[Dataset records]
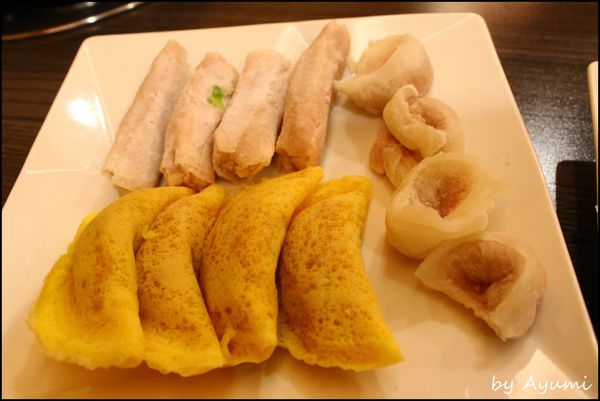 珍杏擱牛奶鍋物：[食記]超優質牛奶鍋~台南必選- 珍杏擱牛奶鍋物二訪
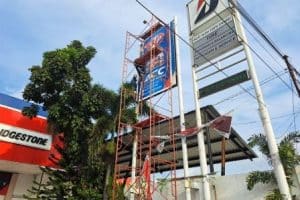 Pasang Baliho STP Oil - Centronik Advertising
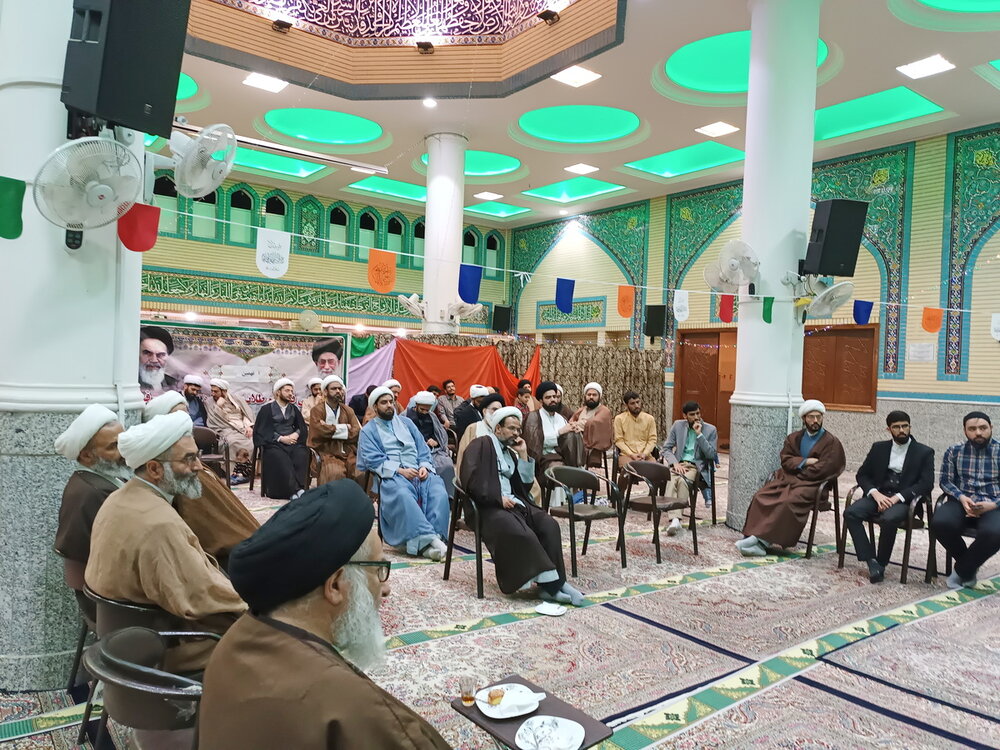 مردم طبس در دین و انقلاب سرآمدند / از جوانان غافل نشویم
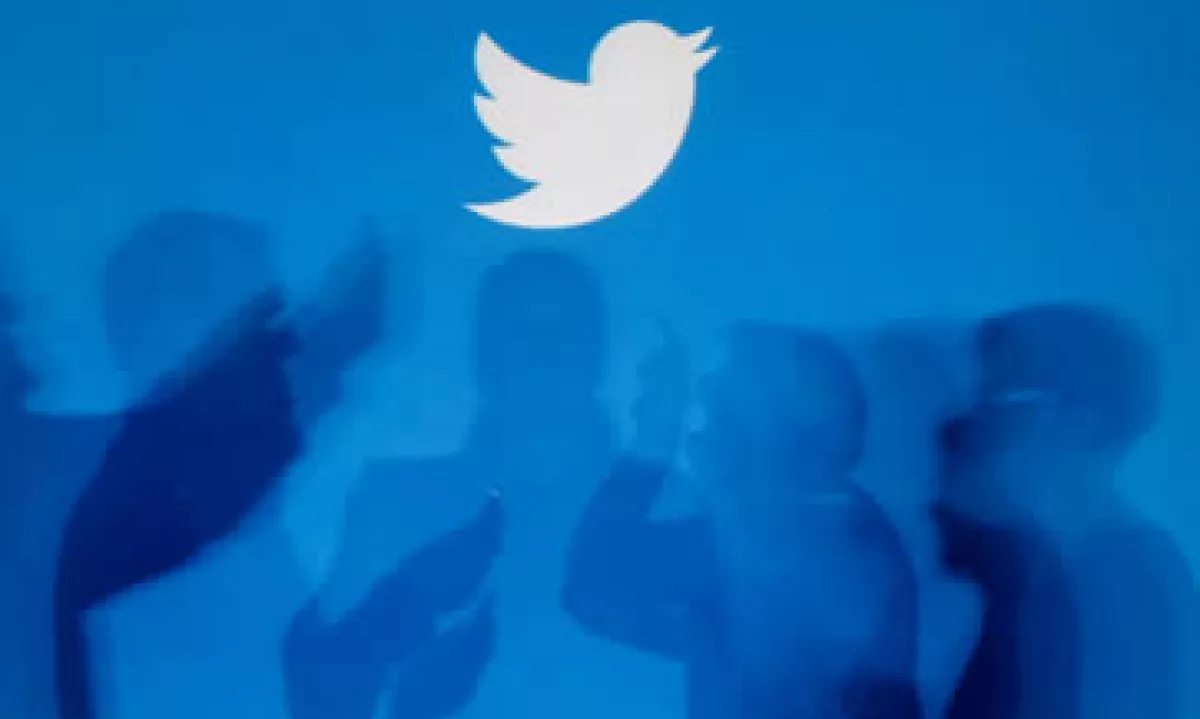 Los analistas creen que Twitter puede potenciar su negocio publicitario ofreciendo sus servicios a pequeñas empresas. (Foto: Especial)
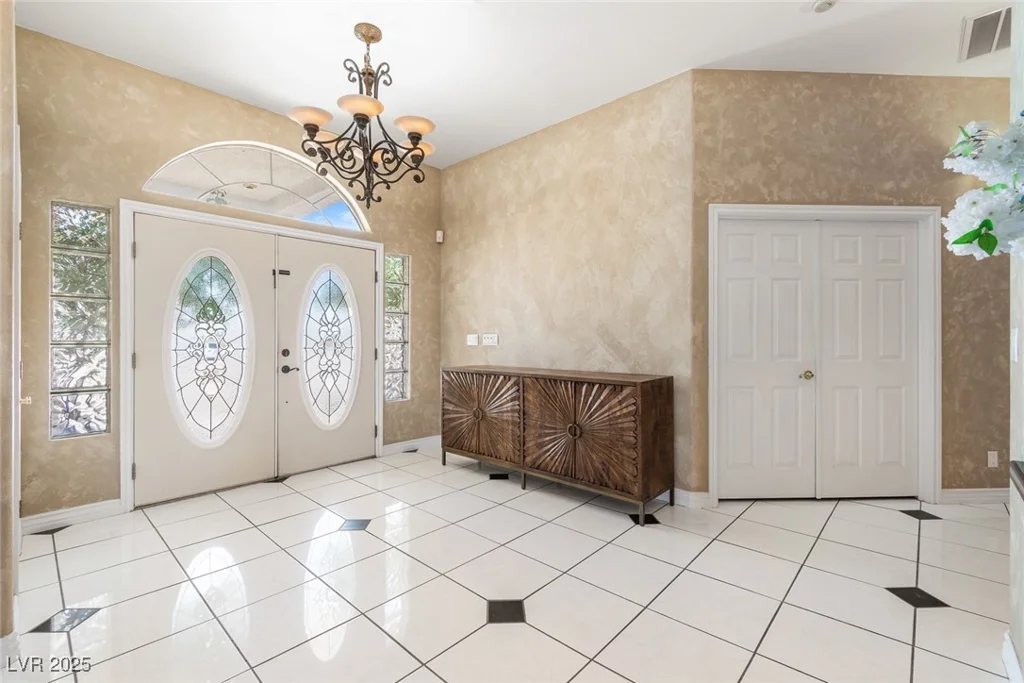 4545 Agate, Las Vegas, NV 89139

Your objective »
In repeating the lines above, keep the wording exact and leave every picture out.

Written answer »
 珍杏擱牛奶鍋物：[食記]超優質牛奶鍋~台南必選- 珍杏擱牛奶鍋物二訪
 Pasang Baliho STP Oil - Centronik Advertising
 مردم طبس در دین و انقلاب سرآمدند / از جوانان غافل نشویم
 Los analistas creen que Twitter puede potenciar su negocio publicitario ofreciendo sus servicios a pequeñas empresas. (Foto: Especial)
 4545 Agate, Las Vegas, NV 89139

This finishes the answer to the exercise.